Çanakkale Savaşı'nı hala Mustafa Kemal Bey’in yönettiği iddia edilirken, gerçekte 5. Ordu Komutanı Liman von Sanders’tir. Mustafa Kemal Bey ise onlarca cephelerden birinin komutanıdır.
3. Kolordu Komutanı Esat Paşa, kardeşi Tümen Komutanı Vahap Paşa, Cevat Paşa’nın kahramanlıkları, Mustafa Kemal Bey’in 19. İhtiyat Tümeni’nde savaşan ve şehadet şerbeti içen kahraman 57. Alay Komutanı yarbay Hüseyin Avni Bey, 27. Alay Komutanı Şefik Bey, hepsi tarihe altın harflerle yazılmayı hak ederken, fakat biz bir kalemde bunları sildik. Mustafa Kemal Bey’in muhteşem başarısı, Anafartalar Grubu Komutanı olarak, Conkbayırı düşmanın eline geçtiğinde, bütün gücüyle taarruz edip Conkbayırı’nı ve bütün cepheleri ele geçirmesidir.
Çanakkale Savaşı'nda 5. Ordu Komutanı Liman von Sanders’ken cephede en iyi techizat, lojistik destek ve genel harekat planının mimarı Harbiye Nazırı Enver Paşa’yken bunların bu zaferde hiç mi katkısı olmadı?
Çok daha önemlisi, Enver Paşa tüm bu savaşlarda hem harbiye nazırı hem de Başkumandan vekilidir.
Bir başka ilginç değerlendirme ise, Enver Paşa’nın Atatürk’ü kıskandığı ile ilgili söylentilere dönük.
O tarihlerde koskoca Osmanlı İmparatorluğu’nun Harbiye Nazırı aynı zamanda Başkomutan vekili olan birisinin, emrindeki bir yüzbaşıyı kıskanması söz konusu olabilir mi?
Başlangıçta, aynı yaşta olmalarına karşın Enver Paşa'nın geldiği konumu Mustafa Kemal’in, sonrasında da ülke dışına çıkmak zorunda kaldığı sürede Enver Paşa’nın Atatürk’ün geldiği konumu kıskanması söz konusu olabilir!
Kitapta ilgimi çeken birçok bölüm olmasına karşın, ben sadece belli bölümlerinden söz etmekle yetinmek zorunda kaldım.
Konuyu ayrıntılarıyla ele almaya kalksam, bir değil birkaç ciltlik kitap yazmam gerekir.
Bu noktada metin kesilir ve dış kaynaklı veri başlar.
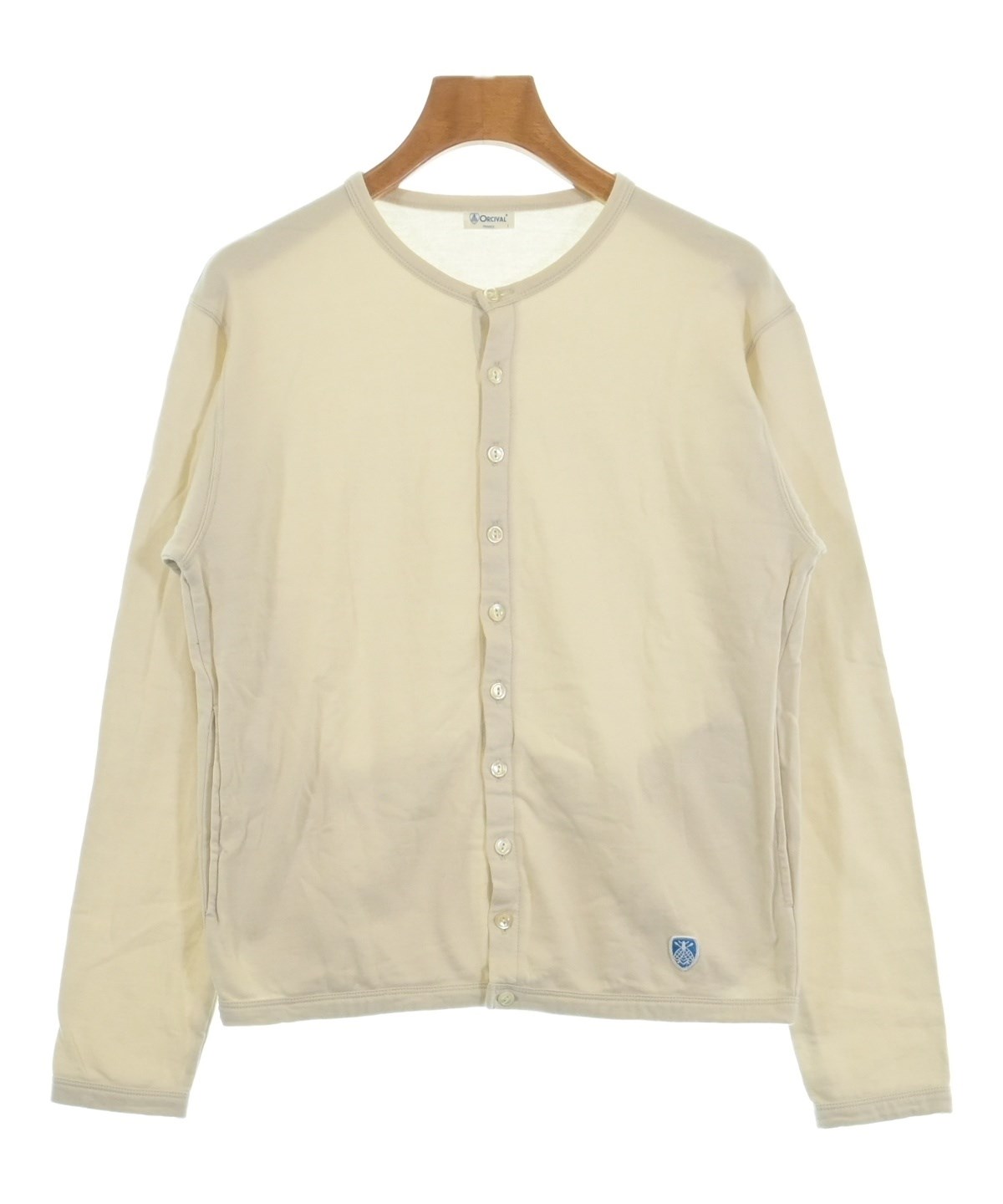 ORCIVAL ニットカーディガン ベージュ サイズ1 ORCIVAL（オーシバル）カーディガン ベージュ サイズ:1(M位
Kendimce genel bir değerlendirme yapmam gerekirse, Enver Paşa’nın dürüstlüğü, yiğitliği, vatanseverliği konusunda kimse en küçük bir eleştiride bulunamaz, bulunmuyor da.
Her iki değerimizi genel bir değerlendirmeye tabi tutmam gerekirse, Enver Paşa, Osmanlı İmparatorluğunun son yıllarında parlayan bir yıldız ve ömrü boyunca savaştan savaşa, mücadeleden mücadeleye koşmuş, maceralarla geçen bir ömür sürerken, sürekli cefa çekmiş birisi.
Mustafa Kemal ise benzer bir şekilde ömrünün önemli bölümü, savaştan savaşa koşmakla geçmiş, büyük zafer sonrasında, yepyeni bir Türkiye Cumhuriyetini kurma başarısını gösterip, Atatürk adını almış, cumhurbaşkanı olmuş, belli devrimlere imza atmasıyla birlikte, çektiği cefalardan sonra, sefa sürme imkanına da kavuşmuş büyük bir liderdir.
Enver Paşa’ya dönük, şahsen benim tek eleştirim, Babıali Baskını ve Harbiye Nazırı Nazım Paşa’nın Yakup Cemil tarafından öldürülmesi, sonrasında da böyle bir darbeyle İttihat ve Terakki’nin iktidarı ele geçirip, Abdülhamit’i tahttan indirip, Mehmet Reşat’ın tahta çıkarılması süreçlerini hiç doğru bulmadığımı söylemeliyim.
Çok daha önemlisi, İttihat ve Terakki hareketinin siyasetimize ittihatçı yani darbeci bir gelenek olarak yerleşmesinin, düne dönük olumsuzları bir yana, bugünü bile zaman zaman etkilediğini söylememizde yarar var.